■ **DATA EXTRACT**:
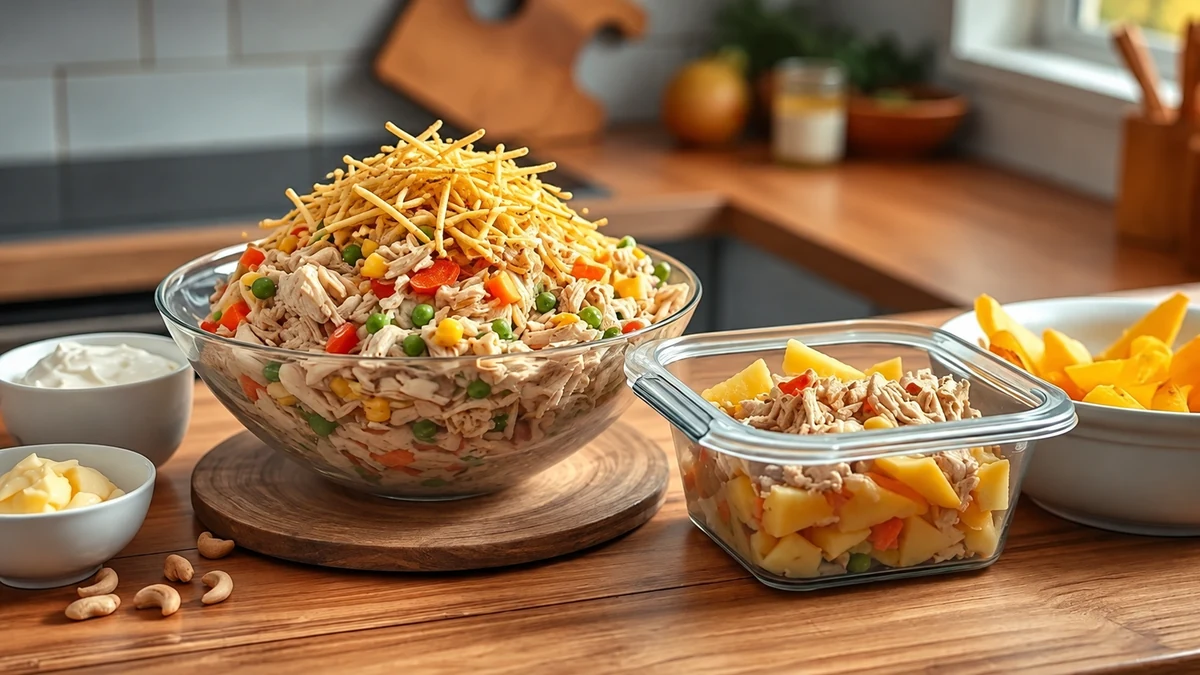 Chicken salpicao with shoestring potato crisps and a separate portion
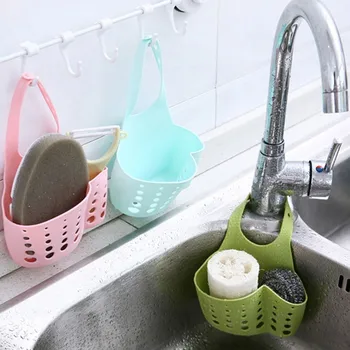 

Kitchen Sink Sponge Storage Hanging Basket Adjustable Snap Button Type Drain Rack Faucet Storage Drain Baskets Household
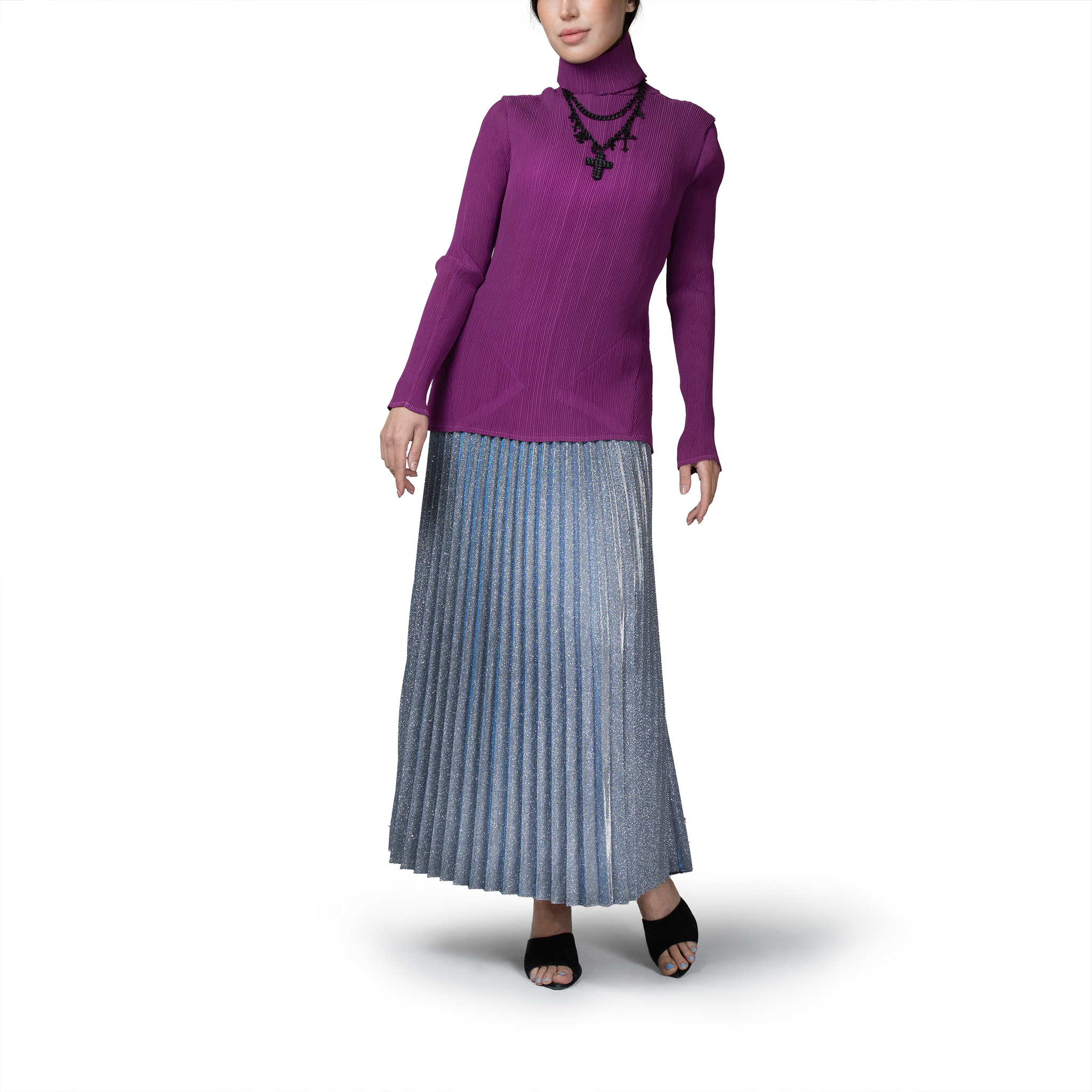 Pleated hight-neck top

■ **EXERCISE BRIEF**:
Would you please transcribe the listing in full, exactly, while omitting the images?

■ **RESULT OF THIS TASK**:
 Chicken salpicao with shoestring potato crisps and a separate portion

Kitchen Sink Sponge Storage Hanging Basket Adjustable Snap Button Type Drain Rack Faucet Storage Drain Baskets Household
 Pleated hight-neck top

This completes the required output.